Evidence of Revision (1 of 5)

The second biggest problem we face right now in the JFK research community are the legions of ‘old guard’ researchers who refuse to face this fact, and who stubbornly cling to some piece of ‘bedrock evidence,’ which in their minds will lead them out of the wilderness if only they study it long enough and can divine its true meaning. For Thompson, Wrone, Weisberg, Groden, and many others, the Zapruder film has been this piece of bedrock evidence for over four decades. I say to the old guard who have continued to insist that the Zapruder film is an authentic and unaltered film in spite of the mounting evidence of its alteration, “Come on over, and see the light.” You will feel better for having done so—in fact, it will liberate you. Once you accept the fact that the Zapruder film is a clever (but imperfect) forgery, you are free to suddenly believe the Dealey Plaza car stop witnesses (which include several Dallas motorcycle policemen and Bill Newman); Marilyn Sitzman; the Kodak laboratory personnel (who all say the original film was slit the evening of the assassination); Marilyn Willis; Erwin Schwartz; Cartha DeLoach; Dan Rather; and the Parkland doctors and nurses. For if you believe the Zapruder film is authentic, you must, of necessity, believe that all of these people are either liars, or incompetent and unreliable witnesses.

And that’s no fun, is it? I reiterate to the old guard: admit you have been wrong for decades, and you will feel better because it will truly liberate you. There is plenty of evidence of crossfire and conspiracy in Dealey Plaza that exists independent of the Zapruder film; acknowledging that the Zapruder film is an altered film, which can only tell us a very limited amount about the assassination, does not mean that you cannot still conclude that there was a conspiracy to murder President Kennedy!
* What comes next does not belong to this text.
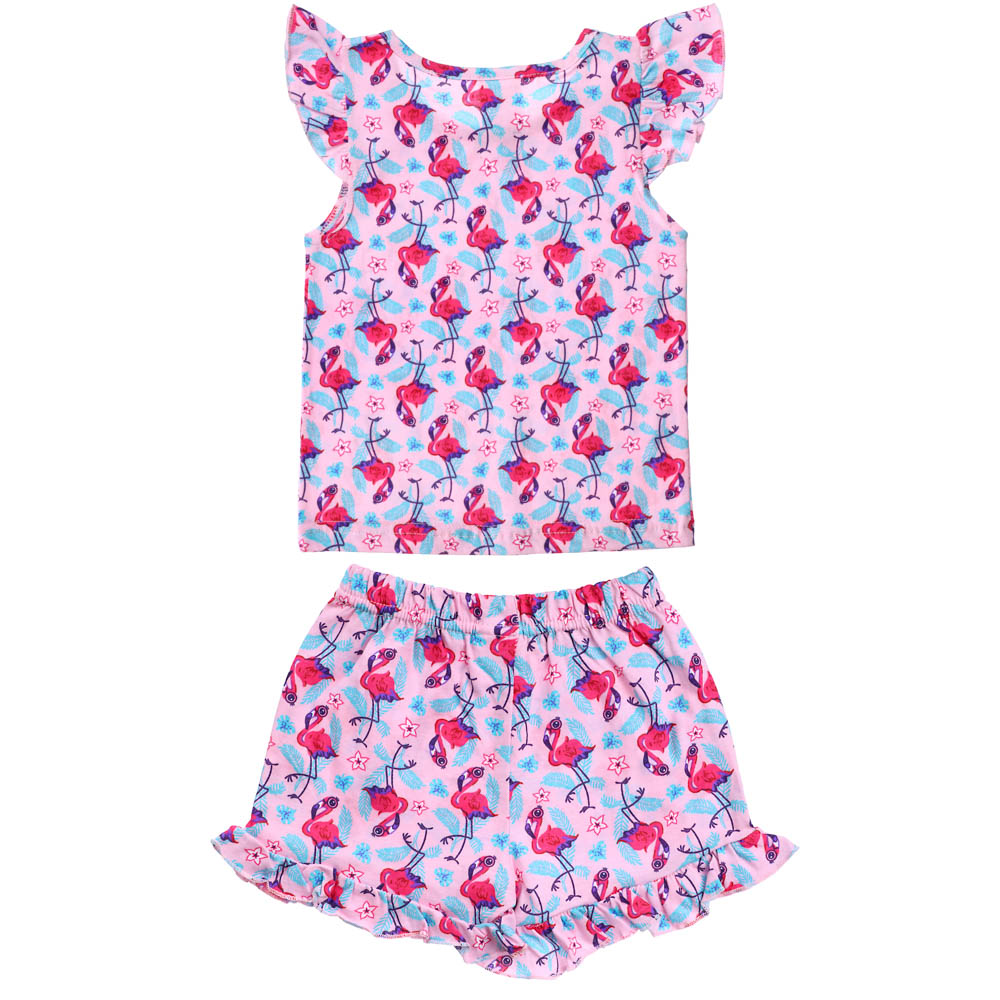 Комплект детский для девочек (футболка и шорты), р.104-128, 100% хлопок, 4 дизайна, арт.№ 354-189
Most significantly, for me, the robust evidence that the film has been altered confirms my faith in the reliability of the Parkland medical staff’s observations on the day of the assassination, and leads me irrevocably to the conclusion that the sketch made of JFK’s skull by Dr. Boswell at the autopsy, and the autopsy photos themselves, are clear evidence that the President’s wounds were altered by post mortem surgery to change the geometry of the shooting. Since I believe that there was already undeniable, independent evidence from the Bethesda morgue that JFK’s head wounds were altered by surgery immediately prior to the autopsy, it was not difficult for me to accept that the head wounds I see in the Zapruder film are painted-on artwork created by an aerial imaging process using an optical printer. What ‘liberated’ me to finally believe that the Zapruder film was a forgery were the undeniable breaks in the chain of custody represented by the Dino Brugioni/Homer McMahon events on successive nights at NPIC.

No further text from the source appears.